I'll remove that and mount manually and see if that helps
no the problem is the path for the kernel and initrd and because it doesnt have a rootflags for the root subvol also
@ is on toplevel right?
yes
it should be /@/boot/vmlinuz-linux then
same with the initrd
you would also need rootflags=subvol=@ in the kernel cmdline
would that mean that every kernel update I'd need to manually change the kernel cmdline?
also what you're proposing is completely outside of my knowledge so I'm a bit lost on how to do any of that :p
but in that case youre better off making another entry
I'm very much outside of my knowledge zone :p
if I'm doing that I just do this:
mount /dev/sdb2 /mnt
nano /mnt/@snapshots/*/info.xml
#Find snapshot you want, go between files by using alt + , and alt + .

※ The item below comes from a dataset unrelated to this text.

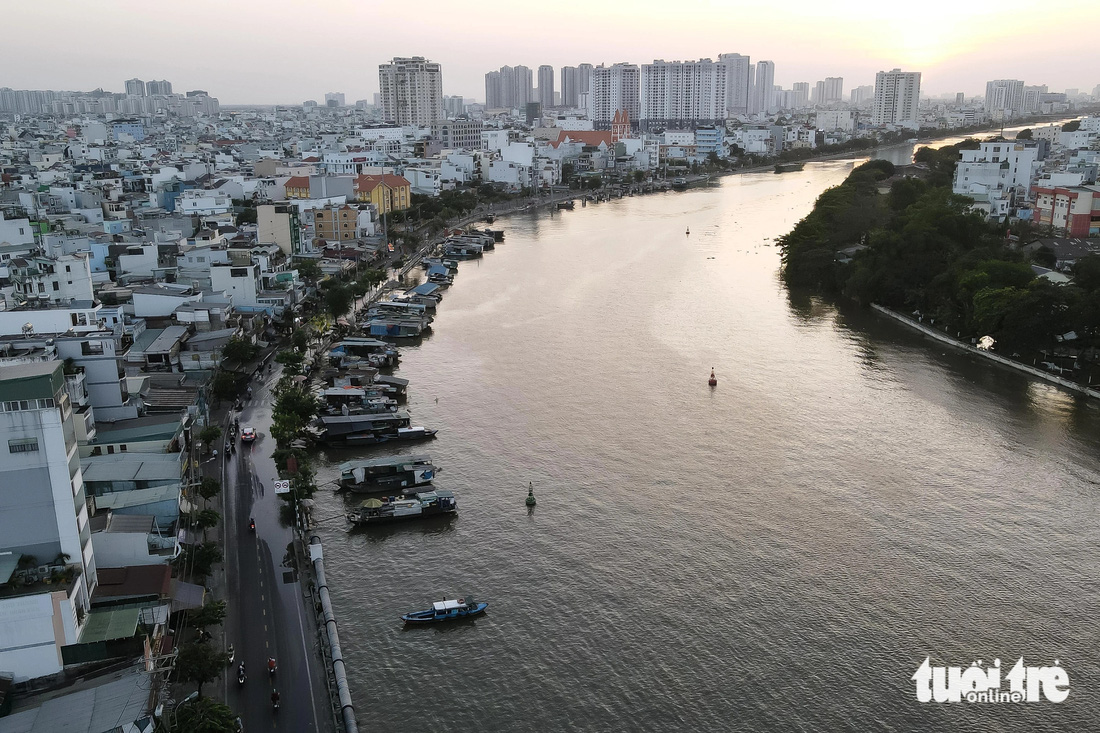 Lúc 17h30, nước từ sông Sài Gòn đã tràn lên đường Trần Xuân Soạn 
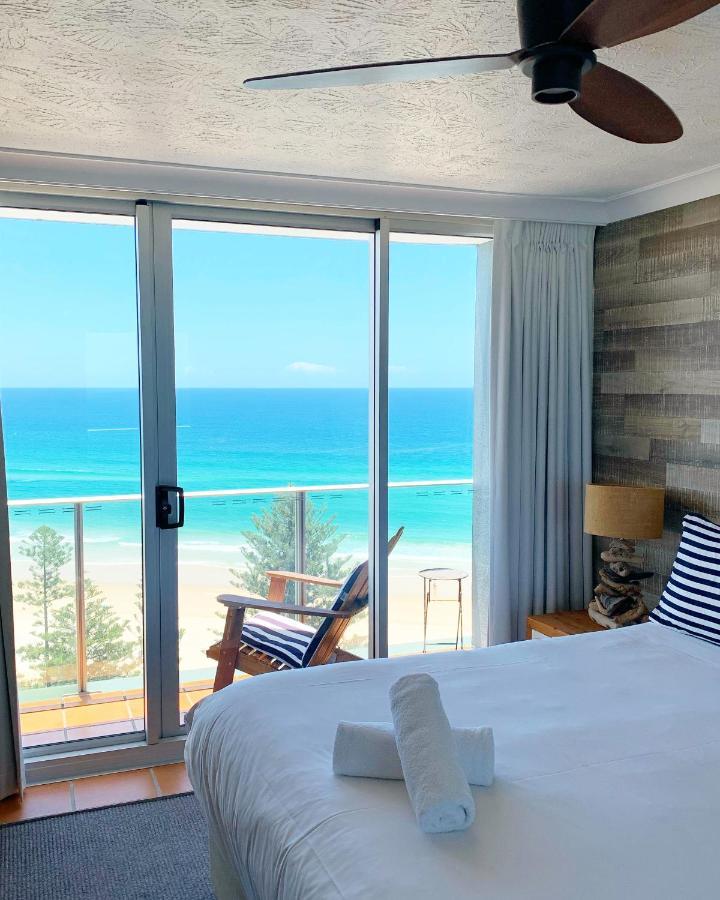 Pacific Regis Beachfront Holiday Apartments Gold Coast Exterior photo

#when you have the snapshot you want, remember the number.
#for every file open do:
ctrl + x
rm -rf /mnt/@
btrfs subvol snapshot /mnt/@snapshots/<number>/snapshot /mnt/@
I'll have a google of how to change the kenrel cmdline I guess
aye that's what i used to do but you dont really need an iso
do you mean grub_cmdline_linux_default when you say the kernel command line?
as in, in /etc/default/grub
uh no im talking about the one in the grub.cfg
next to the path of the kernel
oh manually changing the .cfg
will I need to change that every mkconfig?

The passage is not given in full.